The lack of access to paid sick leave is especially a problem for tipped employees working in restaurants and other service industries. These workers also experience higher poverty rates and are disproportionately women.

Obama recently expanded paid family and sick leave for federal workers and has urged Congress to do the same, although that outcome isn’t likely as long as Republicans have the majority in both houses.

The president called for free community college for two years and reiterated his veto threat if Congress tries to rescind his immigration order. He called on Congress to pass legislation advancing equal pay for women—“It’s 2015. It’s time,” he said—and for raising the minimum wage.

“If you truly believe you could work full-time and support a family on less than $15,000 a year, try it,” Obama said, to laughter in the chamber.

Many Republicans, including House Speaker John Boehner (R-OH), remained seated during standing ovations in the chamber at the passages on equal pay and minimum wage increases.

Republicans also remained seated after a line about the need to “restore the link between hard work and growing opportunity,” after Obama reminded Congress that this year was the strongest year for overall economic growth in more than a decade.

His ideas about “middle-class economics,” presumably a response to the conservative idea of “trickle-down economics,” focused on helping working families afford child care, college, health care, housing, and retirement, and doing these things at the expense of the “super-rich.”

Obama’s remarks on the need for “women’s issues” to be everyone’s issues echoed his speech at the first-ever White House Summit on Working Families last year, when he said that family leave, child care, workplace flexibility, and a decent wage “shouldn’t be bonuses.”

He put forth pro-government messages, which the Democratic Party is starting to get bolder about in general.

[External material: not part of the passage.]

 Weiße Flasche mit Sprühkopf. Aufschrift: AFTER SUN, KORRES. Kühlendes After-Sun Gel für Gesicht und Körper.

He said the nation needs to “set our sights higher” and “do more than just do no harm” when it comes to government action.

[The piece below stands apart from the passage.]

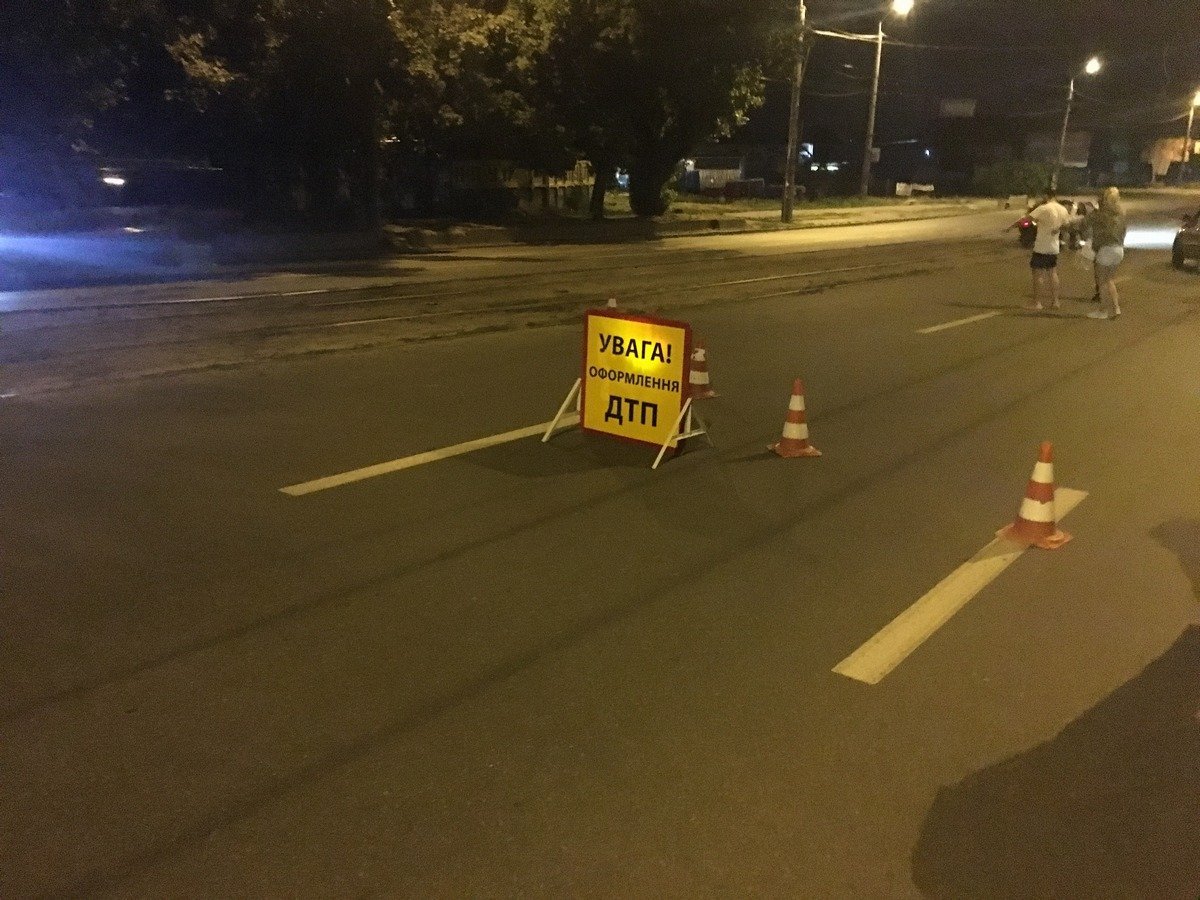 На проспекте Богдана Хмельницкого столкнулись Ford и Kia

The speech also marked the first time that the words “transgender,” “lesbian,” or “bisexual” were said in a State of the Union address.

The president’s comments about women’s health and abortion rights, however, were far more tepid than his defense of women’s need for economic security for their families.

“We still may not agree on a woman’s right to choose, but surely we can agree it’s a good thing that teen pregnancies and abortions are nearing all-time lows, and that every woman should have access to the health care she needs,” he said.